Immigration lawyers Sujit Choudhry and Maureen Silcoff are preparing for a potential Charter challenge on this very issue one that could have been avoided if MPs and senators had the political will to fix the inequity when it was flagged. Even attempts by MPs Nate Erskine-Smith and Jenny Kwan to clarify adoption rules were dismissed. The message this sends to intercountry adoptees is unmistakable: your citizenship is conditional, unlike everyone else’s.
And this wasn’t the only place where thoughtful amendments were shut down. Conservatives and Bloc members on the immigration committee attempted to clarify the timeframe for the substantial connection requirement, only to have their proposal reversed. A similar attempt in the Senate met the same fate. Whether one agreed with those specific amendments or not, it’s hard to ignore how dismissively Parliament handled any attempt at genuine refinement.

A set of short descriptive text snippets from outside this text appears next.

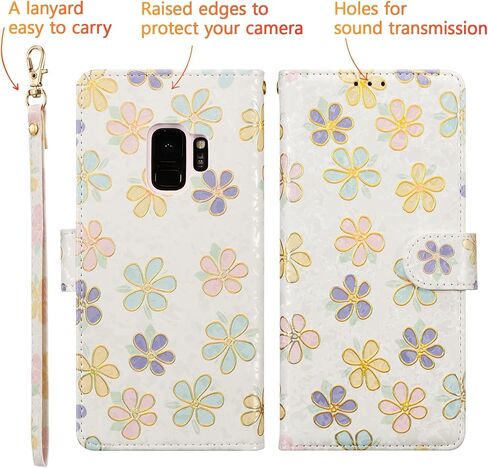 UEEBAI Wallet Case for Samsung Galaxy S10, PU Leather Phone Case Kickstand RFID Blocking Flip Case with Card Slots Wrist Strap Relief Engraved Pattern Magnetic Closure Folio Case - Butterfly in Saudi Arabia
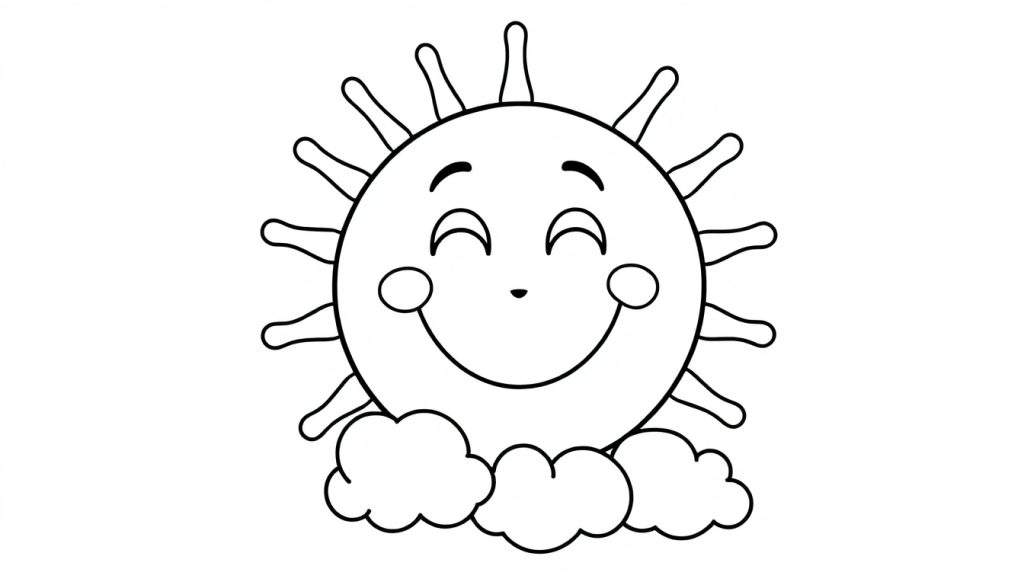A happy sun with a smiling face and rays, set against a color panel background with clouds below, ready for coloring.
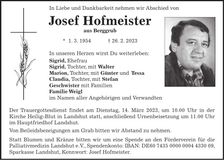 Traueranzeige Josef Hofmeister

In the rush to meet the court’s January 20 deadline, lawmakers sacrificed nuance for speed. But rights are not something to rush through or approximate.
Canada prides itself on fairness, equality, and respect for international obligations. Yet in this legislation, Parliament chose to paper over inequities rather than fix them. The government deserves credit for addressing the unconstitutional first-generation limit, but leaving intercountry adoptees in a legally inferior position is unacceptable.
If Canada truly wants to repair its citizenship laws, it must finish the job not leave it to the courts, and not leave thousands of Canadian families wondering why their Canadian-raised children are still treated as second-class citizens.
This law may have received royal assent, but the debate is far from settled.